More than 60 cell sites across Northland, Coromandel, Auckland and Waikato were down, Vodafone reported on Monday afternoon. Only slightly more than half were still operating on battery backup.

A number of emergency shelters and civil defence centres were open across Auckland on Monday - see Auckland Emergency Management's site for the locations and current status.

Northland Civil Defence said there were pre-set locations currently being put on standby across the region if required. Their locations were being advertised via radio, local council websites and its Facebook page.

Thousands of people were without power across Northland, Auckland and the Coromandel Peninsula overnight on Monday. The numbers of those affected are constantly rising. On Monday afternoon, Northpower said about a quarter of its customers were without electricity.

Businesses and residents in Auckland remain anxious of further property damage after last week's weather, which left thousands of homes damaged and the ground sodden and prone to slips.

Major routes across northern regions are expected to be closed as the storm intensifies through Monday evening and into Tuesday. Waka Kotahi NZ Transport Agency said the SH1 between Brynderwyn and Waipu was closed due to large slips, with detours in place. Look out for updates on the Waka Kotahi website.

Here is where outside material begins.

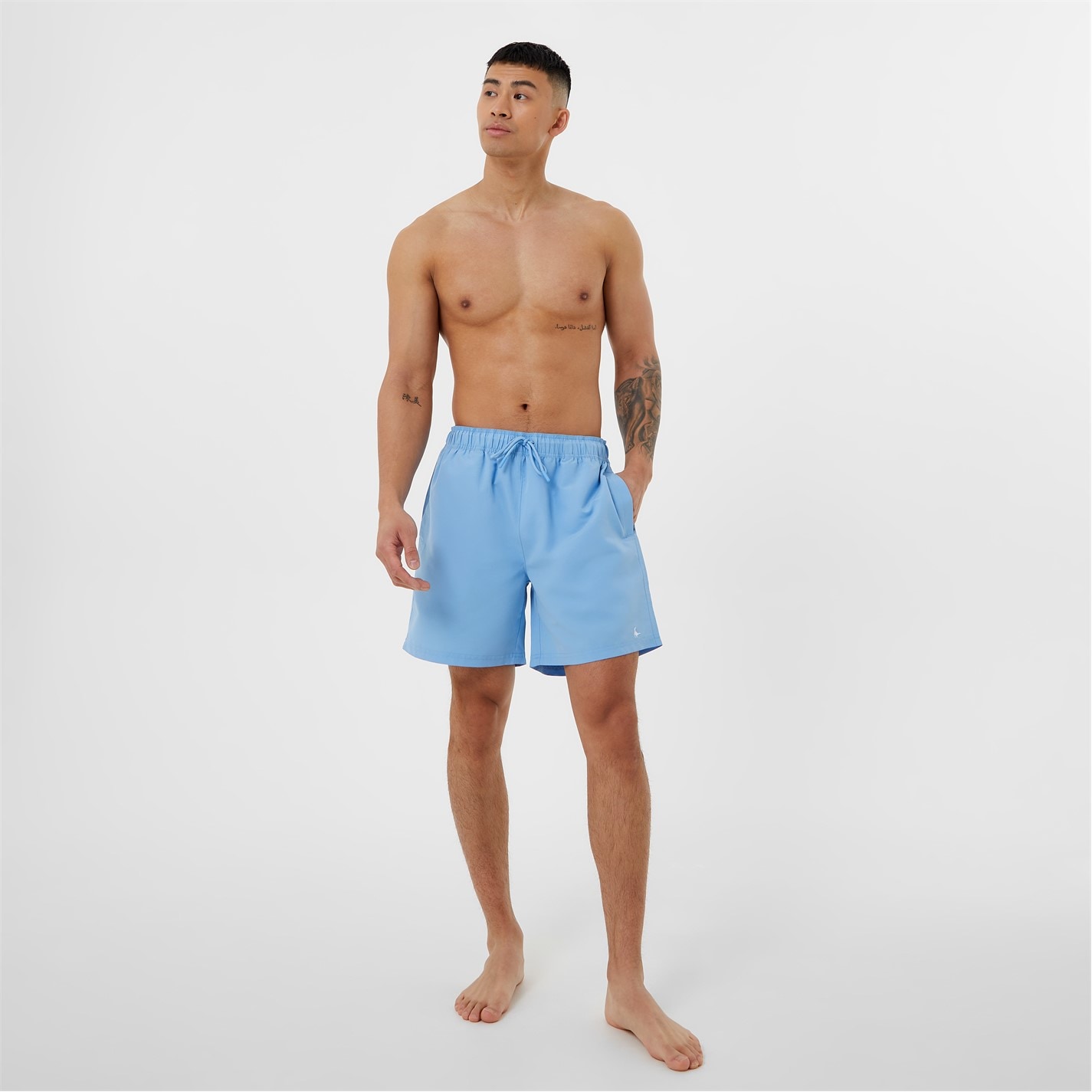 Jack Wills Mid-Length Swim Shorts - 3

Northland Regional Council's hydrology team on Monday morning said most of the rain at that point had fallen on the east coast, from Kaeo in the north to the Brynderwyns in the south. The highest totals over the 30 hours from 9pm on Saturday to 3am Monday had been near Whangarei, with 188mm recorded by the Glenbervie rain gauge, 174mm at Water Street in Whangārei, and 146mm recorded at Puhipuhi.

Local authorities are warning of higher tides than usual Monday.

Air travel is also impacted. Air New Zealand cancelled all domestic flights from or through Auckland, Hamilton, Tauranga and Taupō, until at least midday Tuesday. Some international flights were also either cancelled, or diverted to another New Zealand airport.

The storm is forecast to ease heading into Wednesday and Thursday. People in the meantime are being advised by authorities to bunker down, avoid any unnecessary travel and take other precautionary measures to stay safe.

The weather event was downgraded at the weekend to a sub-tropical low pressure system from a Category 2 cyclone, which passed over Norfolk Island on Sunday. The storm's most destructive winds did not hit the island, the Australian outpost's emergency management authority said.